The Malawi government has embarked on a new search for a strategic equity partner (SEP) for the national flag carrier, Air Malawi.

This comes after government failed to privatise the airline in 2003 and 2008 partly “because it was not attractive to prospective operators due to its huge debt”.

However, Privatisation Commission (PC) CEO Jimmy Lipunga says the Malawi government, has decided to honour the liabilities of the airline as it pushes to attract an SEP.

“An administrator is being engaged within the provisions of Malawi’s Companies Act to facilitate the settlement of the debts after a validation of assets and liabilities,” he says.

Air Malawi

Lipunga says he is optimistic that the airline will attract a suitable investor this time because of a change of approach and the fact that the aviation sector is booming.

He explains that the sale will not involve Air Malawi’s subsidiaries– Air Cargo and Lilongwe Handling Company– which will be privatised as separate entities.

“Air Malawi will be privatised through the recapitalisation method. This will entail Air Malawi issuing new shares to the SEP in consideration of new investment in fleet and working capital required by the airline.

“The SEP should be a consortium of investors comprising at least a reputable airline operator, financial investors and Malawian nationals.

“However, for purposes of safeguarding the bilateral air service agreements in relation to traffic rights, the shareholding attributable to Malawian nationals within the SEP– plus the remainder of government shareholding – should amount to at least 51%.”

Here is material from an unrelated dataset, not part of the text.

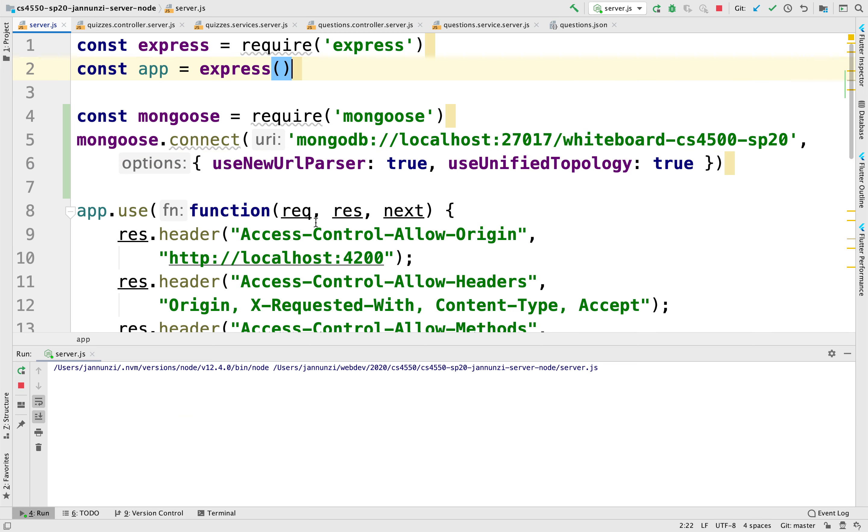All right, it's no longer complaining. Perfect. Okay, so we know that we are able to connect to the Mongo database using the Mongoose library.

Lipunga says interested parties should submit pertinent strategic information to demonstrate their strong financial and technical capability to recapitalise Air Malawi.

He states that the airline operator within the SEP should have a traceable record of credible and successful airline operations.

The roping in of an SEP for the airline is part of a drive by the Malawi government to develop the aviation sector, which is of critical importance, considering that Malawi is a landlocked country.

During the last three years, travellers to and from Malawi have experienced soaring air fares owing to a lack of competition primarily caused bya lack of capacity on the part of the national flag carrier to fully exploit its air traffic rights, a situation Lipunga hopes will be corrected with the coming in of a strategic investor.

The deadline for the submission of expressions of interest is October 5.

Air Malawi’s route network includes five regional and three domestic destinations from its twin hubs of Chileka Airport, in Malawi’s commercial centre, Blantyrem and Kamuzu International Airport, in Lilongwe, the capital city.

Regionally, it serves Johannesburg, Dar-es-Salaam, Nairobi Lusaka and Harare.

Lipunga says that, with substantial investment, Air Malawi could become a feeder airline to the major regional hubs of Johannesburg and Nairobi. There is also potential to introduce several new routes in the region and beyond, based on existing bilateral air services agreements.